Le chantier de son jeune amant était terminé, le jeune entrepreneur ne devant revenir que quelques heures pour des raccords de peinture une fois son œuvre bien sèche, et il avait débuté un nouveau projet dans le village voisin, la remise en état d'un joli mas ancien. Johan aurait dû être excité par ce nouveau défi exigeant, y songer jour et nuit et se concentrer dessus, comme à son habitude. Mais à l'inverse, presque chaque soir, il cédait à la tentation et prenait la route dans son camion vers la grande maison.
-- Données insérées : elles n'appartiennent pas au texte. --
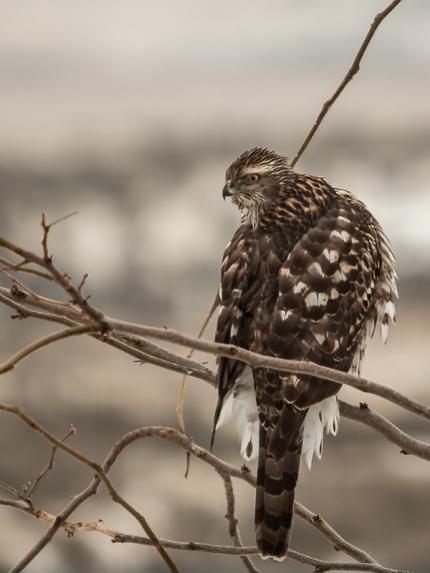 View of the back of an immature northern goshawk perched on a small, naked branch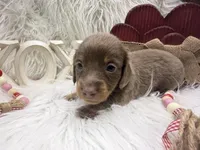 *AKC* ISABELLA/TAN LH, a male Dachshund and Miniature Dachshund for sale in Cottonwood, CA – Photo 4 of 7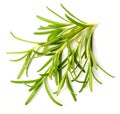 Fresh herb, fresh rosemary isolated on white Royalty Free Stock Photo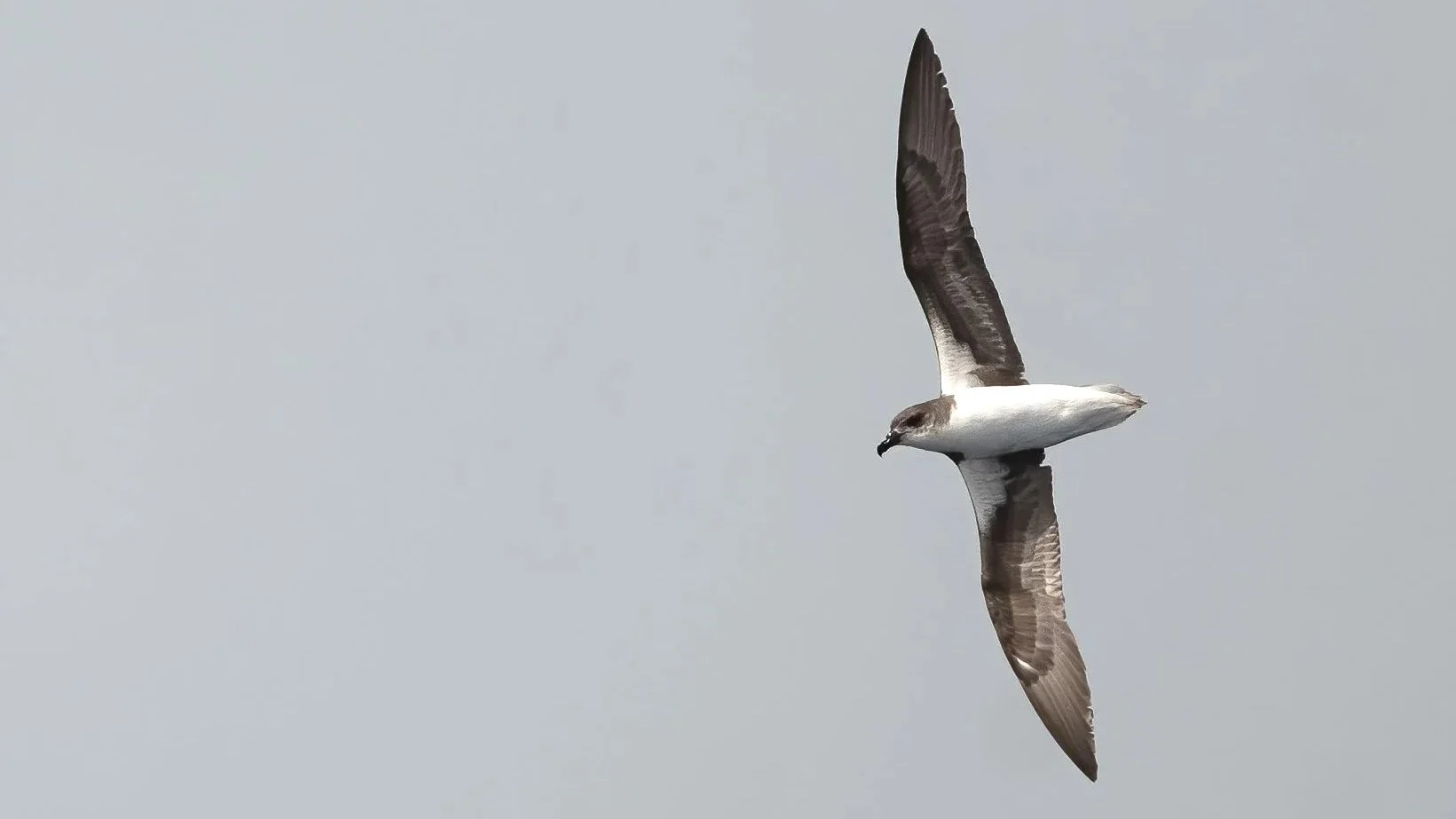 Fea%27s+Petrel+-+Eduard+Sangster.jpg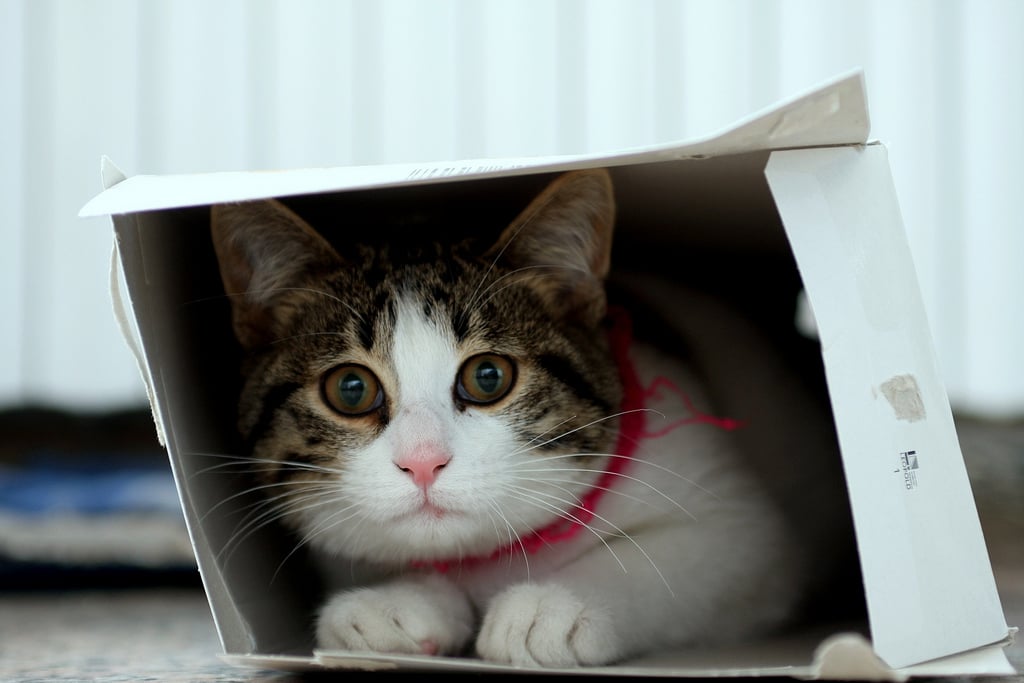 Cats In Cardboard Boxes | Popsugar Pets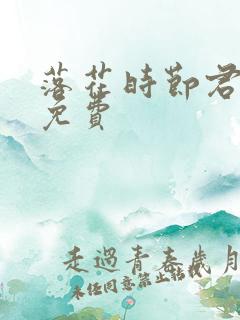 落花时节君不在免费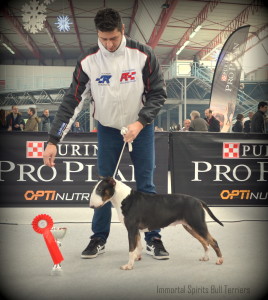 Φωτογραφίες Εκθέσεων μορφολογίας – MATRIX (2)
Les premières fois, il s'était garé au bord du chemin, à l'abri des grands arbres qui le bordaient. Comme un voleur ou un mari infidèle, il avait passé le portail extérieur et le seuil d'entrée sur la pointe des pieds, au grand amusement de son hôte. Mais après quelques nuits clandestines, Martin avait souri gentiment, lui avait signalé que les enfants l'avaient réclamé et proposé de venir dîner. Johan avait longuement hésité, craignant que leur arrangement ne devienne trop flagrant, mais avait cédé à la tentation. Les gamins lui manquaient et pour la première fois depuis son entrée dans l'âge adulte, la solitude et le silence de son chez lui l'oppressaient. Après des semaines à côtoyer la famille recomposée, il s'était accoutumé aux babillages d'Antonin et aux regards expressifs de Leslie. Il fondait devant les mimiques adorables d'Alice, prêt à toutes les grimaces, même les plus affreuses, pour lui arracher un gloussement cristallin et ravi, et même Soan et ses moues blasées se détendaient légèrement en sa présence. Johan y avait vu une opportunité et étonnamment, s'était trouvé un terrain d'entente avec le garçon autour d'une série Netflix de science-fiction que tous deux affectionnaient. Johan avait adoré la version littéraire et devant l'enthousiasme du garçon, il s'était fait un plaisir de la lui prêter, donnant lieu à une série de discussions très geeks. Ce point commun et ce sujet facile de débats enflammés sur les personnages, leurs actions et les adaptations entre roman et version télévisée les avaient rapprochés. Johan s'avouait qu'il savourait les piques acerbes et les remarques provocantes du gamin, visant à l'exaspérer, autant que ses rares moments d'apaisement.